Recorded data:
======

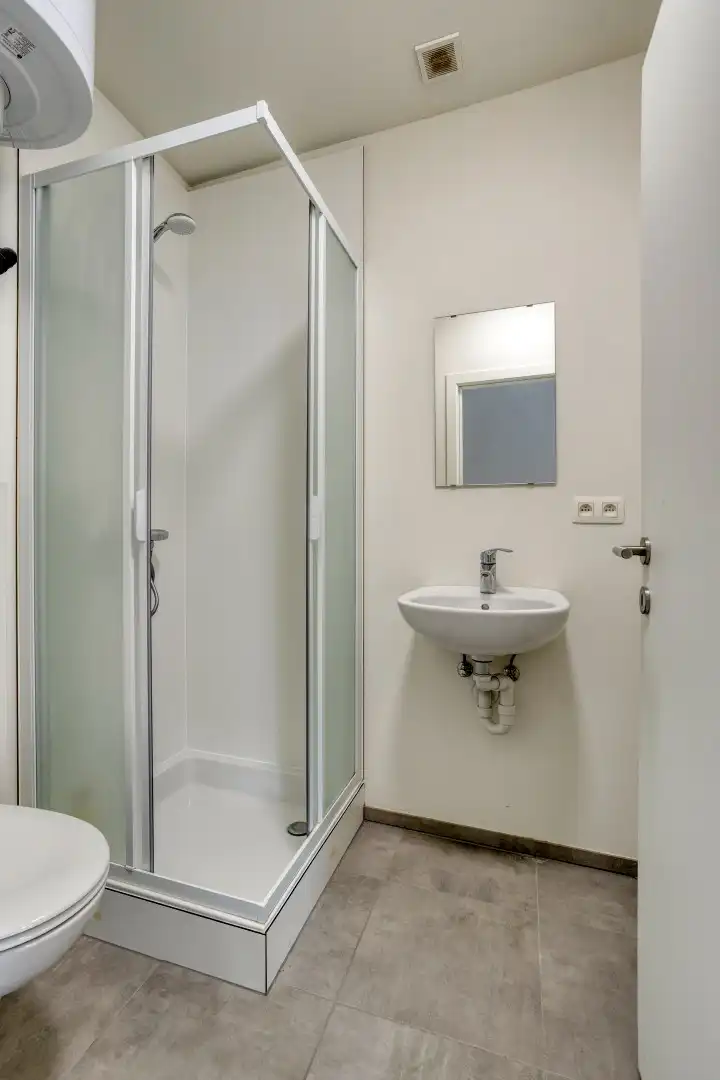 Super gelegen studio in hartje Leuven - bewoonbare oppervlakte 39 m² - nieuwbouw van 2020 - EPC A! foto 9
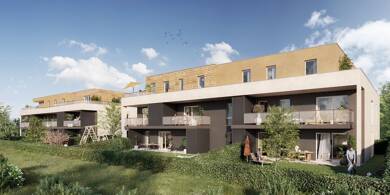 Appartement à vendre 284 000 € 3 pièces 2 chambres 72 m² Dernier étage, Étage 3/3 Habsheim 68440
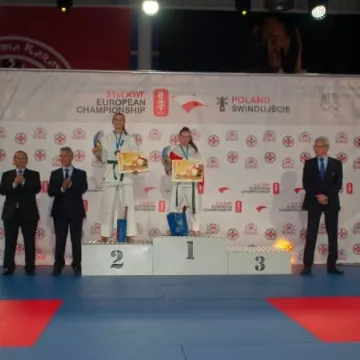 Weronika Mazur wicemistrzynią Europy w karate 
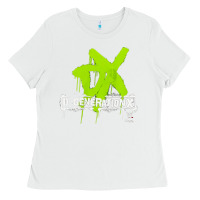 White D GENERATION X, D GENERATION X vinatge, D GENERATION X art, D GENERATI Ladies Tee - DesignPulse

======

Instructions for the task: Apart from the pictures, restate all of the listing above exactly.

Response for this exercise:
 Super gelegen studio in hartje Leuven - bewoonbare oppervlakte 39 m² - nieuwbouw van 2020 - EPC A! foto 9
 Appartement à vendre 284 000 € 3 pièces 2 chambres 72 m² Dernier étage, Étage 3/3 Habsheim 68440
 Weronika Mazur wicemistrzynią Europy w karate 
 White D GENERATION X, D GENERATION X vinatge, D GENERATION X art, D GENERATI Ladies Tee - DesignPulse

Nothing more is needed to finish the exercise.